Scrapling Web Scraping Python Tutorial: Adaptive Scraping
Scrapling is a Python web scraping library designed to solve one of the biggest pain points in scraping: broken selectors. when a website changes its HTML structure, traditional scrapers break. Scrapling uses intelligent, adaptive selectors that can still find the right elements even after a website redesign.
this tutorial covers everything you need to start scraping with Scrapling, from basic usage to advanced techniques with proxy integration.
What is Scrapling
Scrapling is an open-source Python library that takes a different approach to element selection. instead of relying solely on CSS selectors or XPath that break when HTML changes, Scrapling builds a fingerprint of each element based on multiple attributes. when the page structure changes, it uses fuzzy matching to locate the same element in the new layout.
key features include:
- adaptive selectors: elements are identified by multiple properties, not just their CSS path
- auto-match: if an element moves in the DOM, Scrapling can still find it
- built-in stealth: browser fingerprint randomization and anti-detection features
- playwright integration: full JavaScript rendering support
- clean API: simple, intuitive interface inspired by BeautifulSoup
Installation
install Scrapling with pip:
pip install scrapling
python -m scrapling install # installs browser dependencies
this installs the core library plus Playwright browsers for JavaScript rendering.
for a minimal installation without browser support:
pip install scrapling[core]
Basic Usage
Scrapling provides three main fetcher classes depending on your needs.
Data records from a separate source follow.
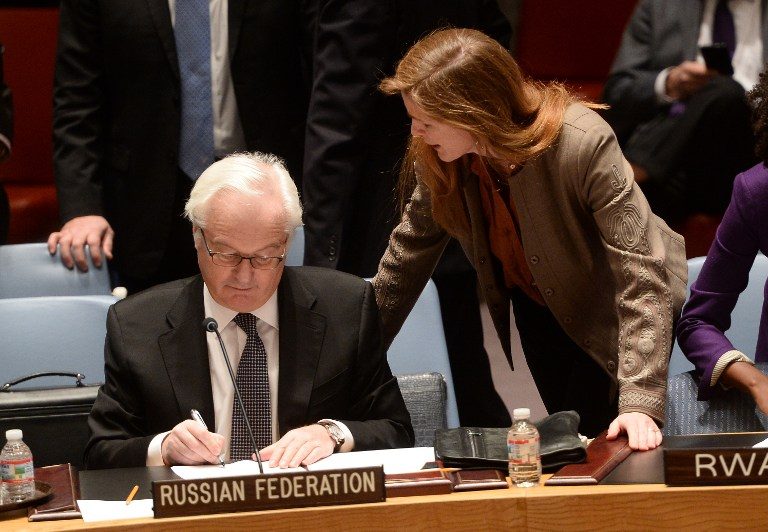 US Ambassador to the UN Samantha Power talks with her Russian counterpart Vitaly Churkin prior to a vote on a resolution on Ukraine during a UN Security Council emergency meeting at United Nations headquarters in New York on March 15, 2014. Russia vetoed a Western-backed resolution condemning the Crimea referendum at a UN Security Council emergency vote but China abstained, isolating Moscow further on the Ukraine crisis. The draft resolution, which says Sunday's referendum would have no validity, got 13 votes in the 15-member Council. But it was rejected when permanent member Russia exercised its veto.   AFP PHOTO/Emmanuel Dunand
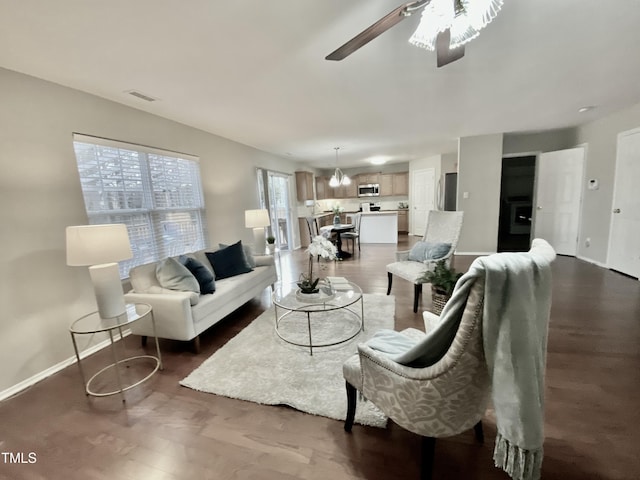 living room featuring a ceiling fan, visible vents, baseboards, and dark wood-style floors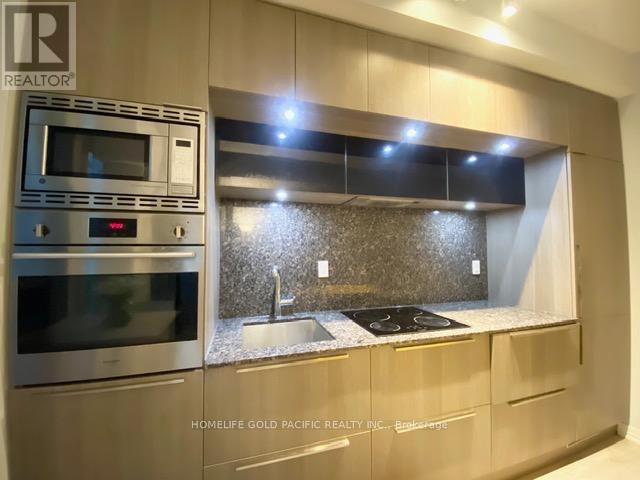 A modern kitchen with a stainless steel oven and microwave.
StaticFetcher: Simple HTTP Requests
use this for pages that do not require JavaScript rendering:
from scrapling import StaticFetcher
fetcher = StaticFetcher()
# fetch a page
page = fetcher.get("https://quotes.toscrape.com/")
# find elements using CSS selectors
quotes = page.find_all("div.quote")
for quote in quotes:
text = quote.find("span.text").text
author = quote.find("small.author").text
print(f"{author}: {text}")
StealthFetcher: Anti-Detection Browsing
use this when websites block standard requests:
from scrapling import StealthFetcher
fetcher = StealthFetcher()
# this uses a real browser with anti-detection measures
page = fetcher.get("https://example.com/protected-page")
# Scrapling handles fingerprint randomization automatically
products = page.find_all("div.product-card")
for product in products:
name = product.find("h2").text
price = product.find(".price").text
print(f"{name}: {price}")
PlayWrightFetcher: Full Browser Control
use this when you need full control over the browser:
from scrapling import PlayWrightFetcher
fetcher = PlayWrightFetcher()
page = fetcher.get(
"https://example.com/dynamic-page",
wait_selector="div.results", # wait for this element
timeout=15000
)
results = page.find_all("div.result-item")
for item in results:
print(item.text)
Adaptive Selectors: the Core Feature
the most powerful feature of Scrapling is adaptive selection. here is how it works.
Traditional Approach (Fragile)
# this breaks when the website changes its HTML structure
price = page.find("div.product-info > span.price-current > strong")
Scrapling Adaptive Approach (Resilient)
from scrapling import Adaptor
# first run: Scrapling learns the element
html = fetcher.get("https://example.com/product")
# use auto_match to find elements adaptively
price_element = html.find("span.price", auto_match=True)
# Scrapling creates a fingerprint based on:
# - text content patterns
# - surrounding elements
# - attribute values
# - position in the document
# - visual similarity
# on subsequent runs, even if the class name changes from
# "price" to "product-price" or the element moves,
# Scrapling can still locate it using the fingerprint
How Auto-Match Works
Scrapling’s auto_match builds an element profile using multiple signals:
from scrapling import Adaptor
# parse HTML content
page = Adaptor(html_content)
# find with auto_match enabled
# Scrapling uses these signals to identify elements:
# 1. text content and patterns (e.g., "$XX.XX" looks like a price)
# 2. element tag and attributes
# 3. sibling and parent context
# 4. position relative to other matched elements
product_name = page.find("h1.product-title", auto_match=True)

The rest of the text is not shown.